On Feb 28, 2014, at 9:16 AM, Danny Auble <[email protected]> wrote:
>
>
> On 02/28/2014 09:13 AM, L. Shawn Matott wrote:
>>
>> Danny,
>>
>> That's good to know. Which of the steps causes the loss of functionality
>> (rankfile, ssh as plm, or mpirun instead of srun)?
> Yes :). Primarily mpirun instead of srun though.
>>
>> --- Shawn
>>
>> -----Original Message----- From: Danny Auble
>> Sent: Friday, February 28, 2014 12:09 PM
>> To: slurm-dev
>> Subject: [slurm-dev] Re: openmpi misbehaves when started under slurm
>>
>>
>> Just a notice to those attempting to run this way, Slurm will not be
>> able to monitor the step or keep accounting or enforce memory limits
>> when running this way.
Just to clarify - this isn't precisely true. What happens is that mpirun uses
srun to launch its own set of daemons. Those daemons do indeed appear within
the Slurm context, and so they and all their children (i.e., your app procs)

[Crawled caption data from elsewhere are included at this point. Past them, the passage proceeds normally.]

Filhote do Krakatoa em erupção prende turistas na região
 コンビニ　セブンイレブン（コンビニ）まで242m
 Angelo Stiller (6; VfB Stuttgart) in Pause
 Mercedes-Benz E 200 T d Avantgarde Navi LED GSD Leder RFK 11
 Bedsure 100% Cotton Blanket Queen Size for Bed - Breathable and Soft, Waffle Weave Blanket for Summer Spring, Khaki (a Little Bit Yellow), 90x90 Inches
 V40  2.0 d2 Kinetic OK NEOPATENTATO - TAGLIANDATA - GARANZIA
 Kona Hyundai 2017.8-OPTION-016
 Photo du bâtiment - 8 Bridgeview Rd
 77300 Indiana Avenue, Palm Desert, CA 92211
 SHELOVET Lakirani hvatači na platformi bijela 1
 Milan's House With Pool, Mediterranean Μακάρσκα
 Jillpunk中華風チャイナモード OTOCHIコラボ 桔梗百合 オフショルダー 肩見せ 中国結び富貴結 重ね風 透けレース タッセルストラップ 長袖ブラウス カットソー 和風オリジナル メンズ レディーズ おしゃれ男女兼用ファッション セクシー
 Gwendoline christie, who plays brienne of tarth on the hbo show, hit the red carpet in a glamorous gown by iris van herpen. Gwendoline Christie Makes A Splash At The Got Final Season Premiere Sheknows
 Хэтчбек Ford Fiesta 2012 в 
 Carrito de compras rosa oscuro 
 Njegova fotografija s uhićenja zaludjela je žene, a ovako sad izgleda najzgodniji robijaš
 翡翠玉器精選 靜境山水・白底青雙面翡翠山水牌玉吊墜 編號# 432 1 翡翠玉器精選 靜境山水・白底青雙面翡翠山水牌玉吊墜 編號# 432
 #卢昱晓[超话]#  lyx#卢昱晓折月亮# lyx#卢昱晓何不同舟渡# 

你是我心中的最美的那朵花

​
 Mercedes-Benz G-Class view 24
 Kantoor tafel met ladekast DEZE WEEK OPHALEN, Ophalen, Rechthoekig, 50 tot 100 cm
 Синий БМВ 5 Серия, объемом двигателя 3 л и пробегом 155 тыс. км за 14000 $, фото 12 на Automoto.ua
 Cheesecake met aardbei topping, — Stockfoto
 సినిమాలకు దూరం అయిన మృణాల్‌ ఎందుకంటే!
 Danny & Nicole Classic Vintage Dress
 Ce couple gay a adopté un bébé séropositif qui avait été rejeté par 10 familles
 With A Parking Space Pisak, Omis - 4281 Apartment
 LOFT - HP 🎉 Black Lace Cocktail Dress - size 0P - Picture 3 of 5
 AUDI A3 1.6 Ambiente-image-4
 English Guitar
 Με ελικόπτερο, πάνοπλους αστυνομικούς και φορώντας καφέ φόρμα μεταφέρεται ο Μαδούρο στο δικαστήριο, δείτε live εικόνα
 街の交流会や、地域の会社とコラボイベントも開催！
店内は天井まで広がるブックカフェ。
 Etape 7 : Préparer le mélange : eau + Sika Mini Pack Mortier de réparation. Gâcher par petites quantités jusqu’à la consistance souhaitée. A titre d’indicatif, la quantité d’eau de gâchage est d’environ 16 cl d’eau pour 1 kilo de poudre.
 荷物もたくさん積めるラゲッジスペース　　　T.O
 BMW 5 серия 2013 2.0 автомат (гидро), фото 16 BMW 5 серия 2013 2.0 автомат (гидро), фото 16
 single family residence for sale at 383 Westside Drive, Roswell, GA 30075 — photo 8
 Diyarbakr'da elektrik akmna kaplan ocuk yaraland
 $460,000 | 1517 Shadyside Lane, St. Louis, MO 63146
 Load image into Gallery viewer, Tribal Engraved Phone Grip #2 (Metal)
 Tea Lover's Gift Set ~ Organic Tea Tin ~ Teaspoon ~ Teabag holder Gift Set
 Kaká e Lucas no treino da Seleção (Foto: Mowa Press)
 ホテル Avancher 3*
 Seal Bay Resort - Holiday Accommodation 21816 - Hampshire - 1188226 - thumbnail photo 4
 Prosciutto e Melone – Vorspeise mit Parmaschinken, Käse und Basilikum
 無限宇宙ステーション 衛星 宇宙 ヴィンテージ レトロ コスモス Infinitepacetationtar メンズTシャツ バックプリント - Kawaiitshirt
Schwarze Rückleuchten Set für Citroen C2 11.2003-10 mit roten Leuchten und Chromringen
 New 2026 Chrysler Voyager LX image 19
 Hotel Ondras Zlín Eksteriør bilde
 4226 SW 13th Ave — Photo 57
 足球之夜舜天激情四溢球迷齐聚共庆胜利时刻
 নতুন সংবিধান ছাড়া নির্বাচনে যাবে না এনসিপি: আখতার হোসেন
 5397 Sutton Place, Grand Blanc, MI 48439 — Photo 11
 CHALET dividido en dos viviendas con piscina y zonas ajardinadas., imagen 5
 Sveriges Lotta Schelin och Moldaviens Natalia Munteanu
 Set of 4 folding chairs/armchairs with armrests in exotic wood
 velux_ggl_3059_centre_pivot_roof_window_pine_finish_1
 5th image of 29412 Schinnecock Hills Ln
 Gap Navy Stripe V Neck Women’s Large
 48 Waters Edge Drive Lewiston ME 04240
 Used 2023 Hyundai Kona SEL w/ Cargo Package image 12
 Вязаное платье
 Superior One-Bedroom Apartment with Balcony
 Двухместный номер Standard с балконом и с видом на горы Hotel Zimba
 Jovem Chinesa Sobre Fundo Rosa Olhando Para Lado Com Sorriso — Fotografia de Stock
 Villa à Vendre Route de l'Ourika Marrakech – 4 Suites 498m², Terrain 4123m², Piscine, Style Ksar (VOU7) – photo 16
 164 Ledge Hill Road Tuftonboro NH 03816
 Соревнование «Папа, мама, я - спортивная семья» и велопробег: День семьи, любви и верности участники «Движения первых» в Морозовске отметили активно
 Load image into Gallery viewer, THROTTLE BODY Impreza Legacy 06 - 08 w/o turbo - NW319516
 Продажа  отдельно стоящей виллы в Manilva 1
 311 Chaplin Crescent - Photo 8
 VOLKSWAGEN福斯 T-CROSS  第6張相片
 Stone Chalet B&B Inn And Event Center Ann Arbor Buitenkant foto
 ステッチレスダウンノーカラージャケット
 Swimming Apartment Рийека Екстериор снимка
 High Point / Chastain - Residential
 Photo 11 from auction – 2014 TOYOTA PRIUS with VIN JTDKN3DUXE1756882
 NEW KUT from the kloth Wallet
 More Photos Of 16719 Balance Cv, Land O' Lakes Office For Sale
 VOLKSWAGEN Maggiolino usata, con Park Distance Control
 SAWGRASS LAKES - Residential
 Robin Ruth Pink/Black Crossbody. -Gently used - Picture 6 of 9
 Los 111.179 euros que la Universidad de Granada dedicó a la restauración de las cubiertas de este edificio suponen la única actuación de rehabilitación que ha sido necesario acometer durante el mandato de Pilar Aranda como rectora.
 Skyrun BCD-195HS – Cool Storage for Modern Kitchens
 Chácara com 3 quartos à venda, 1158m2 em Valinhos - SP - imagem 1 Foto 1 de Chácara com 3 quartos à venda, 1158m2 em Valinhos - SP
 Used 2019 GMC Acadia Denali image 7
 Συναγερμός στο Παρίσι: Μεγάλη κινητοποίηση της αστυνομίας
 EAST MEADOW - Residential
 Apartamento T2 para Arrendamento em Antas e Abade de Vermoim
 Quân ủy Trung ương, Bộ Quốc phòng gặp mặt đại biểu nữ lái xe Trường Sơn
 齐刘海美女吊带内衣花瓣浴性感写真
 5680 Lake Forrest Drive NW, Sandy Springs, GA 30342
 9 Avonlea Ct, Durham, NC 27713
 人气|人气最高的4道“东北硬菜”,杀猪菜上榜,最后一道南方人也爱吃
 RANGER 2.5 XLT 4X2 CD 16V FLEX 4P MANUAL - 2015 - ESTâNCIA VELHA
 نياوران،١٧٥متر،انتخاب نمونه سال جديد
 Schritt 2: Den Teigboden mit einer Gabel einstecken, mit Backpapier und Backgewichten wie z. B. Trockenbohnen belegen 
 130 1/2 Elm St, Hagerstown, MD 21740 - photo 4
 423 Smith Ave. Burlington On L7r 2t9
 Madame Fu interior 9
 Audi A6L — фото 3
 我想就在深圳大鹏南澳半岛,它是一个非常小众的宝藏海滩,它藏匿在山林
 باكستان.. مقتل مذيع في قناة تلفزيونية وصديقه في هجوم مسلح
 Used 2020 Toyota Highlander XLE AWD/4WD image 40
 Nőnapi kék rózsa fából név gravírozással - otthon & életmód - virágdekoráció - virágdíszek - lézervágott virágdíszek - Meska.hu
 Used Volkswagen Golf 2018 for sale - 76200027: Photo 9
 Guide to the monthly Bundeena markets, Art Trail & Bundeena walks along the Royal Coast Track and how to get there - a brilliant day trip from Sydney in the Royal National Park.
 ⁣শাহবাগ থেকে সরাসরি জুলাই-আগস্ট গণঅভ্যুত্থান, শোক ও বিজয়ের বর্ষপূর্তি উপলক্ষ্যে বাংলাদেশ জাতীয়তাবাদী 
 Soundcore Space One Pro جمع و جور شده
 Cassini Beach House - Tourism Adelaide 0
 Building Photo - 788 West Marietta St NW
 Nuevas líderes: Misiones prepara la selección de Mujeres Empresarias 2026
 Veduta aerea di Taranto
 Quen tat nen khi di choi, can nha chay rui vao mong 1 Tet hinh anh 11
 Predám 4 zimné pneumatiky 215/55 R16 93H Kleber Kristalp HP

are covered by Slurm's accounting and memory limits. However, those functions
appear only at the *aggregate* level - i.e., to Slurm only one process is
running, and so the accounting is done at the aggregated level, and memory
limits apply to the aggregate.
>>
>> On 02/28/2014 09:01 AM, L. Shawn Matott wrote:
>>>
>>> On our cluster we use SLURM v2.6.3 with cpusets enabled. We sometimes see
>>> problems with openmpi and incorrect cpu pinning. As a workaround we use the
>>> following bit of bash code to manually assemble an openmpi rankfile, switch
>>> from slurm to ssh as the process launch module, and finally launch using
>>> mpirun instead of srun. Hope this is helpful to someone.....
>>>
>>> ----
>>> L. Shawn Matott, PhD
>>> Computational Scientist
>>> University at Buffalo,
>>> Center for Computational Research
>>> 701 Ellicott Street, Buffalo, New York 14203
>>>
>>> #
>>> ================================================================================================
>>>
>>> # create rank file to explicitly bind cores
>>> echo "creating hostfile and rankfile"
>>> uid=`id -u`
>>> jid=$SLURM_JOB_ID
>>> nodes=`nodeset -e $SLURM_NODELIST`
>>>
>>> # trigger creation of cpuset information and save to working dir
>>> srun bash -c "cat /cgroup/cpuset/slurm/uid_${uid}/job_${jid}/cpuset.cpus >
>>> cpus.\`hostname\`.$SLURM_JOB_ID"
>>>
>>> RANKFILE=rankfile.$$
>>> NODEFILE=nodefile.$$
>>>
>>> rm -f $RANKFILE
>>> rm -f $NODEFILE
>>> rank=0
>>> for i in ${nodes}; do
>>> # extract space-separated list of assigned cpus
>>> cpus=`cat cpus.${i}.${SLURM_JOB_ID}`
>>> cpus=`nodeset -Re $cpus`
>>> # add cpu assignments to the rank file
>>> for j in ${cpus}; do
>>> echo "rank ${rank}=$i slot=$j" >> $RANKFILE
>>> echo "$i" >> $NODEFILE
>>> rank=`expr $rank + 1`
>>> if [ "$rank" == "$SLURM_NPROCS" ]; then
>>> break;
>>> fi
>>> done
>>> if [ "$rank" == "$SLURM_NPROCS" ]; then
>>> break;
>>> fi
>>> done
>>>
>>> # use ssh instead of slurm as the launcher
>>> # the rankfile that was just created will ensure cpusets are still honored.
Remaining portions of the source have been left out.